Farmers in Nyeri County soon to reap sweet returns from a GBM and USAID beekeeping project
The Green Belt Movement (GBM) has partnered with USAID to start a beekeeping and apiculture project in Nyeri County in Kenya. The pilot project kicked off on 16 May 2013 when beehives were given out in Nyeri County, Othaya and Tetu.
100 Kenya Top Bar Hives (KTBH) were given to farmers who were part of a previous USAID-funded project concluded in 2012. That project supported farmers to plant an amazing 2.4 million trees on river systems, forests and farms since 2008. The farmers received small funds for community-led tree nurseries based on the number of trees that were planted and survived under their care. The hives were issued as keeping bees was identified as an important way to sustain the project’s tree planting results through income generation.
GBM's Fridah Wahome (far right) with one of the tree nursery groups
In this region, beekeeping is an environmentally sustainable, economically viable and livelihood improving agricultural activity. Here, the bees will thrive on water catchments, rivers and streams where chemicals and intensive farming has not ousted local biodiversity and farmers have made efforts to conserve these waterways. The bees provide not just honey, but also propolis, pollen and beeswax for improved health and income while improving yields through pollination.
The farmers received small funds for community-led tree nurseries based on the number of trees that were planted and survived under their care
In Kenya, beekeeping contributes an estimated 25,000 Metric tonnes of honey annually; valued at close to 4.3 billion Kenya Shillings (51 million US dollars).
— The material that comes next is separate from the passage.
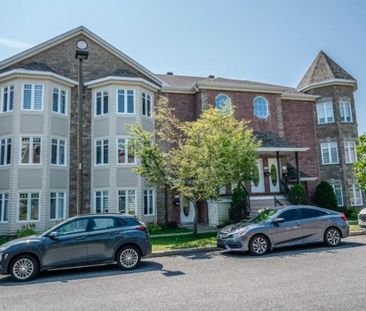 Grand condo 3 1/2 + - Photo 3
It also contributes to Kenya’s National policy objectives spelt out in the Strategic Paper, ‘Vision 2030’ with emphasis on: food security, increased household incomes through value added bee products, employment creation, particularly for the women and youth, increased access to markets and conservation of the environment.
Farmers are placing the beehives along the same riparian reserves and water points on a 967 km stretch of riverbank which they had planted with indigenous trees with 10 hives per km and will be managed by members of the local community.
Speaking during the event when the beehives were given to the community, Njogu Kahare, a Senior Project Officer at GBM, commended the community on their past successes and explained this was the pilot phase of a new project focused on bee keeping.